The main plot is pretty unoriginal, and the B-plot is implausible. But hey -- at least they haven't yet committed the deal-breaker sin discussed last week.
FOX.com has a recap here.
Throwing enemies together and forcing them to cooperate in order to survive has been done many, many times. Still, the conversations between Taylor and Mira are kind of interesting. Actually, while listening to Mira discuss her personal motivations for opposing Taylor, I realized there is yet one more reason why things may not be as simple as they look on this show, and it relates to Terra Nova's selection process. As we've seen, there are two main avenues to getting a place in a pilgrimage: Either 1) you are a professional who possesses a desired skill set, or 2) you win the lottery. And apparently, option number two is extremely susceptible to corruption. Mira got a place in the sixth pilgrimage because her employer "had deep pockets," while Josh's old girlfriend might get a place in the eleventh because of Mira's "connections." Do you see where this is going?

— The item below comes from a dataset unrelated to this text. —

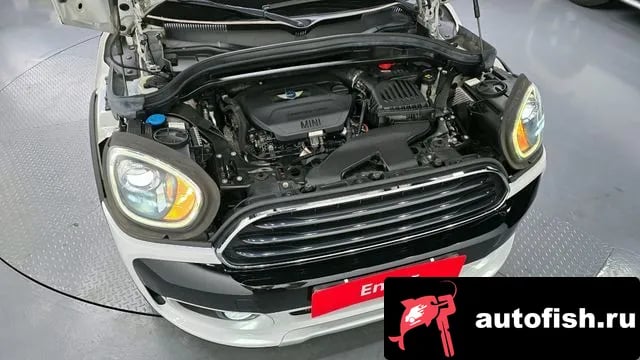 Mini Countryman Cooper D Country Man 2018 года - вид 5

I have no problem with the aforementioned professionals moving to the head of the line because they are needed. But the lottery has evidently become a process that favors the rich and/or politically connected -- and that's why I think the portal should go both ways. It's not okay that the cream of the crop gets to live in paradise while the larger and poorer mass of humanity has to suffer back in 2149 without any hope of reaping Terra Nova's benefits. I'm not saying we should strip-mine the place, of course. But we don't even know that that's what Mira's employers are seeking to do. We only have Taylor's word on that, and Taylor is hardly a disinterested party.
(By the way, a note: As you all know, I'm a right-wing Catholic, not a class-warfare-obsessed leftist. So the fact that I'm seeing the social-justice-related pitfalls of Taylor's pet project really indicates their significance.)
As for the other plots? Well, Zoe continues to be too twee for words. Seriously -- I'm about to fall into a diabetic coma over here. And Skye as the traitor? To be honest, my reaction was pretty incredulous. I mean, I definitely buy the motivation the writers set up for her, but I'm having a difficult time believing that a teenager - a teenager - would have access to the colony's intelligence information. Come on, guys. That's stretching things a bit too far.
I'm downgrading this script a bit for its "WHAAAAAAT?!?!" revelation in re: Skye as the mole -- and for its resort to a cliche in the main plot.
The performances are respectable.
It's unclear at this time whether the writers see what I see as far as the complexities of the situation are concerned, so I'm going to go with the neutral score here.